Peut-être pas le point seul, mais en tout cas la perte du set. J’ai pris un coup derrière la tête en le perdant. Psychologiquement, j’étais bloqué. La déception d’avoir perdu le set était plus forte que le reste. Je n’arrivais pas à me reprendre mentalement. Soudain, je revoyais en face de moi le joueur qui me battait systématiquement depuis trois ou quatre ans.

 

Malgré l’enjeu et le fait de savoir qu’à un set partout le titre était encore loin d’être joué ?

J’aurais dû me reprendre, mais je n’y parvenais pas. Je n’avais pas la sensation de pouvoir inverser la tendance. J’ai baissé les bras. C’était dur de me détacher de cette idée : j’étais tout proche de mener deux sets à zéro, un avantage souvent décisif dans un match sur terre battue. « Guga » avait l’habitude de gagner ce genre de finales. Moi, je n’étais pas un super champion, et gagner Roland Garros juste une fois dans ma vie aurait été un rêve. Malheureusement ça n’est pas arrivé. Il faut l’accepter.

 

Vous est-il arrivé de reparler de ce match avec Kuerten ?
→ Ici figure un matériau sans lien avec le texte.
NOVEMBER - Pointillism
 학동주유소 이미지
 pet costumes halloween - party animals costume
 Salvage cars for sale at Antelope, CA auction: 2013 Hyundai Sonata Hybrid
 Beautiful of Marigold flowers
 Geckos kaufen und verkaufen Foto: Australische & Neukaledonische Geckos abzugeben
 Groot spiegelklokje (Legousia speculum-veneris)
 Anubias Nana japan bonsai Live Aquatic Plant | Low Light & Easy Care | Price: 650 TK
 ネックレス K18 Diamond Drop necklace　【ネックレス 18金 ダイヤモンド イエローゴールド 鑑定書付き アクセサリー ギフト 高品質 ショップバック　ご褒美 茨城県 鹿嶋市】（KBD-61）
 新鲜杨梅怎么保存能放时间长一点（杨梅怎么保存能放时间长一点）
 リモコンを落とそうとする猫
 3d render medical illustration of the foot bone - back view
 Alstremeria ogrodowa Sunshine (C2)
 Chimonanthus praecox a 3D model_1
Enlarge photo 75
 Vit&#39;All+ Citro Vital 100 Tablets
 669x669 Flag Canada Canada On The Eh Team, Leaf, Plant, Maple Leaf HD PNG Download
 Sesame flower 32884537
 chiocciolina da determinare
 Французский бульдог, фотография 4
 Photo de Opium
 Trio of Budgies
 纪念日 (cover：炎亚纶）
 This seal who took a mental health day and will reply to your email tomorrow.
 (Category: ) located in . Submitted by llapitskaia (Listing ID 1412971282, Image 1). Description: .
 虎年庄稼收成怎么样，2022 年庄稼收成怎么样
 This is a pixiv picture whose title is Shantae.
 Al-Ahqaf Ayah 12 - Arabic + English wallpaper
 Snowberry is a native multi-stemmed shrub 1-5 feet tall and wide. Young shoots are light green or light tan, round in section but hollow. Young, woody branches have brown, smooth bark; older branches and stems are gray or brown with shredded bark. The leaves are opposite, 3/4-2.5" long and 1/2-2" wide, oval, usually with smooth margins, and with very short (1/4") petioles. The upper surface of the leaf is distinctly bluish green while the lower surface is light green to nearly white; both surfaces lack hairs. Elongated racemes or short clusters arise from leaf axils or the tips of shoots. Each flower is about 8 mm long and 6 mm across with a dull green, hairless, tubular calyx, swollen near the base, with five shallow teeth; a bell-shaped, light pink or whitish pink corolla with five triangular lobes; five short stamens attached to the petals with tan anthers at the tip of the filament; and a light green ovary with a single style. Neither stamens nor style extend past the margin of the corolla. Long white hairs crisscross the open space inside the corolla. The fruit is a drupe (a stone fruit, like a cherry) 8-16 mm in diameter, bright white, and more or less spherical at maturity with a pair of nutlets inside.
On en a déjà reparlé, oui. Lui et moi avons de bonnes relations. On a reparlé du match, des conditions de jeu très venteuses… Il m’a dit penser qu’il ne serait pas revenu s’il s’était retrouvé mené deux sets à rien. Peut-être que cette finale s’est jouée à deux centimètres près en revers… Mais maintenant c’est loin. « Guga » a mérité sa victoire. Et moi j’essaie de transmettre mon expérience des bons et des mauvais moments à mes joueurs (il est capitaine de l’équipe espagnole de Coupe Davis par BNP Paribas, ndlr).

 

Quand vous revenez à Roland Garros chaque année, vous y repensez, malgré tout, ou c’est vraiment du passé ?

Pas plus que ça. Les bons souvenirs ont pris le dessus et revenir à Roland Garros est toujours un moment agréable. J’y connais tellement de personnes, des gens qui travaillent à l’organisation, des joueurs, actuels ou anciens… Pour moi Roland Garros est d’abord synonyme de tous ces visages que je retrouve avec plaisir. A chaque fois, les gens sont contents de me revoir. C’est ce que je retiens en premier. Faute d’avoir gagné le tournoi, cela veut au moins dire que j’ai laissé un bon souvenir en tant que personne.